# [Data block]
= = = = =

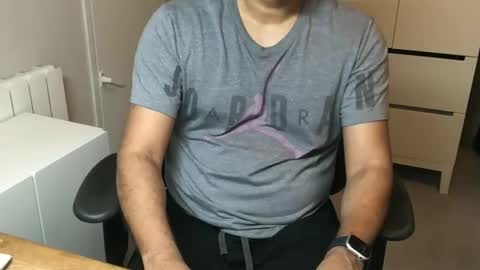 joeshades21 online show from January 19, 8:41 pm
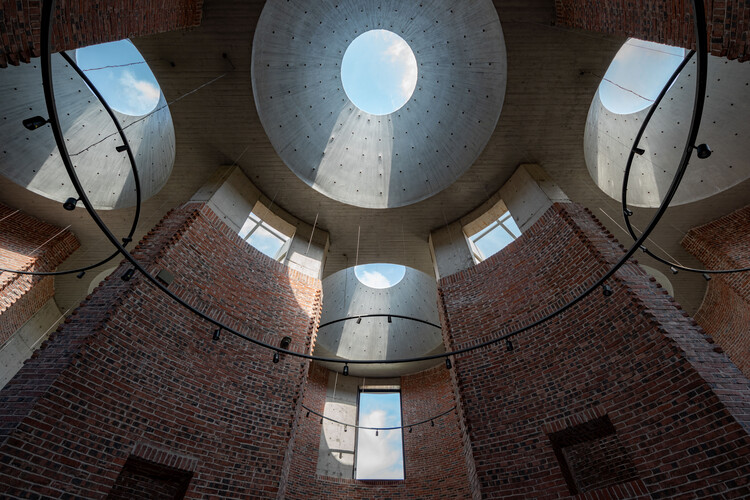 Houhu Art Park / Wcy Regional Studioのストロースタックスペース - インテリア写真、レンガ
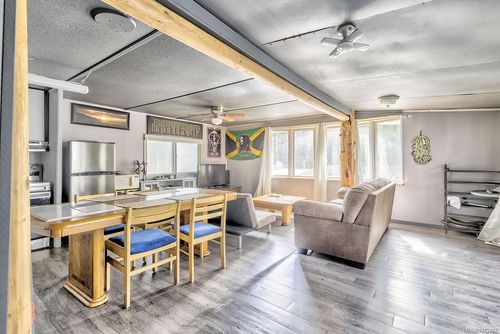 204-380 Martindale Rd, Parksville, BC, V9P1R7 | Card Image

= = = = =

# [Exercise brief]
Copy the material exactly as written and leave every picture behind.

# [Solution to this problem]
 joeshades21 online show from January 19, 8:41 pm
 Houhu Art Park / Wcy Regional Studioのストロースタックスペース - インテリア写真、レンガ
 204-380 Martindale Rd, Parksville, BC, V9P1R7 | Card Image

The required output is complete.